How do I tell when the fruit is ripe? They grow on the road side and I want to plant some on the property before the county mows over them.
Googling “passion flower” yields this.
If it’s a maypop, which it probably is if you’re anywhere other than southern Florida or Hawaii, the fruit turns more orange than yellow when it’s ripe. This site says that the fruit has to be significantly overripe before the seeds are mature enough to store or sow.
One of my favorite plants, Passiflora incarnata, the northernmost species, and hard to find in nurseries or seed precisely because when it’s ripe, every critter around wants it’s tasty fruit. The fruit is generally ripe around late summer, and best harvested when a bit yellow and starting to pucker up a bit. Like I said, that’s when wildlife is jumping on it to eat it, too.
Germination of seed can be spotty, especially if you buy dried seed. Best success is by mimicking nature; the seed is meant to be passed through the digestive tract of animals and deposited with it’s fresh fertilizer packet of poop. You can mimic that by pretreating the seed in a weak acidic solution (apple cider vinegar or a weak ethanol solution) and then direct sowing it in fall to overwinter and sprout. some more info on it.
I believe it is Passiflora incarnata. A column in the local paper indicates one can toss the fruit on the ground; the link indicates the seed must be scarified. Thanks!
Once you have it in your garden, you usually will have a plenty, as it seeds in. Perhaps that what the writer of your newspaper column meant. I grow this plant as a nursery crop, and we dont scarify it. Scarifying usually means a hard seed coat, so, if you purchase dried seed, it might help. If you harvest fresh seed, though, best to not let it dry out, and use the method I posted above to process and sow it. If you don’t want to fall sow it, you could ferment it as said, and then tuck it away into a ziplock bag filled with perlite, vermiculite, or other well-drained medium, put it in the fridge for the winter, Labelled, and sow it in spring .

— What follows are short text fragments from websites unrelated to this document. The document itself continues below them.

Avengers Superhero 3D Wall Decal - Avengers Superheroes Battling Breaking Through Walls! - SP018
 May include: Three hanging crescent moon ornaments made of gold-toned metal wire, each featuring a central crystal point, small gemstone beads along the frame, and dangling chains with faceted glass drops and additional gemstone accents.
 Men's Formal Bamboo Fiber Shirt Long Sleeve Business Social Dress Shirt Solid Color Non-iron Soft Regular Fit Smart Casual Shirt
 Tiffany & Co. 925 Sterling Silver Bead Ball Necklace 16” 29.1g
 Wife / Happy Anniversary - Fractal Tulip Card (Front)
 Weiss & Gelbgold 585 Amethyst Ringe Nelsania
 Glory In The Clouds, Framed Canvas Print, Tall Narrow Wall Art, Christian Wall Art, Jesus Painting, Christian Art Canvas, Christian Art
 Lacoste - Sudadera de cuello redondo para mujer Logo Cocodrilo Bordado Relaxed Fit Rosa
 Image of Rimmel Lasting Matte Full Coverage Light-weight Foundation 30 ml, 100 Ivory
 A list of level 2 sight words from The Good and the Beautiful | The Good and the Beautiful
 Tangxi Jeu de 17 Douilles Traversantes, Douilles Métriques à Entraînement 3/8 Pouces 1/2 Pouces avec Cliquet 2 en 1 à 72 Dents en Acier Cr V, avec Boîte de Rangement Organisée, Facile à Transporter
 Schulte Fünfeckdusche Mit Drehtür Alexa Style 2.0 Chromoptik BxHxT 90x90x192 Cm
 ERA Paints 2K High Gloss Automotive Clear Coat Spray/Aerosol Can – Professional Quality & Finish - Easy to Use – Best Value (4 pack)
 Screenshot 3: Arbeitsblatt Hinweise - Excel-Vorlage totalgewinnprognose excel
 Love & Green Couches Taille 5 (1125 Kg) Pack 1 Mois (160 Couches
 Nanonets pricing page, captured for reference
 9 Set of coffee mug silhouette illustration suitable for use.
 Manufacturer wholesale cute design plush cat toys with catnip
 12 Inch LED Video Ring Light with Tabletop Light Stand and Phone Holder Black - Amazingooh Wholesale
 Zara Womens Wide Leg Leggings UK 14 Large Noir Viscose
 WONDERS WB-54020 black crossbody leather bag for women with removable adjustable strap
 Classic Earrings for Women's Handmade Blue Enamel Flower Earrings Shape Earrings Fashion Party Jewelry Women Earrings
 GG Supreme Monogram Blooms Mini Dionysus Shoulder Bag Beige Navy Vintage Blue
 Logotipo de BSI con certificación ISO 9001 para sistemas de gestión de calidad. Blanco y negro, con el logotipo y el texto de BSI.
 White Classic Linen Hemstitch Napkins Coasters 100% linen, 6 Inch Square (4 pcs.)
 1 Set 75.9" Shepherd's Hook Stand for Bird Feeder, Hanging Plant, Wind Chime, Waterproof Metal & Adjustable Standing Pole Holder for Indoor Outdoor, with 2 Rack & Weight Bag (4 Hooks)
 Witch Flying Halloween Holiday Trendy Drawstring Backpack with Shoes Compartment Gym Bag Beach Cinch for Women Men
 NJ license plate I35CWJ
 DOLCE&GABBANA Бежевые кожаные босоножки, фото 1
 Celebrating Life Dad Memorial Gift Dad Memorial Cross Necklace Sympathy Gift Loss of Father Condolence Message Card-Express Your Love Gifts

You’ll see when you harvest the seed that it is encased in a juicy little sac. It’s very tasty then, like little candy bits. I’d suppose too, that if you just want to suck out all the tasty juice, run it all around yer mouth, and spit out the seeds, that would be enough fermentation. You don’t want to dry the seeds with the sac , though, because it would get , in best terms, Ganky. You’ll see exactly what I mean when you harvest the fruit.
The two I picked tonight were not ripe, white seeds resembling cucumber. I’ve been mowing near the road, something I usually don’t do to keep the above mentioned county mowers away.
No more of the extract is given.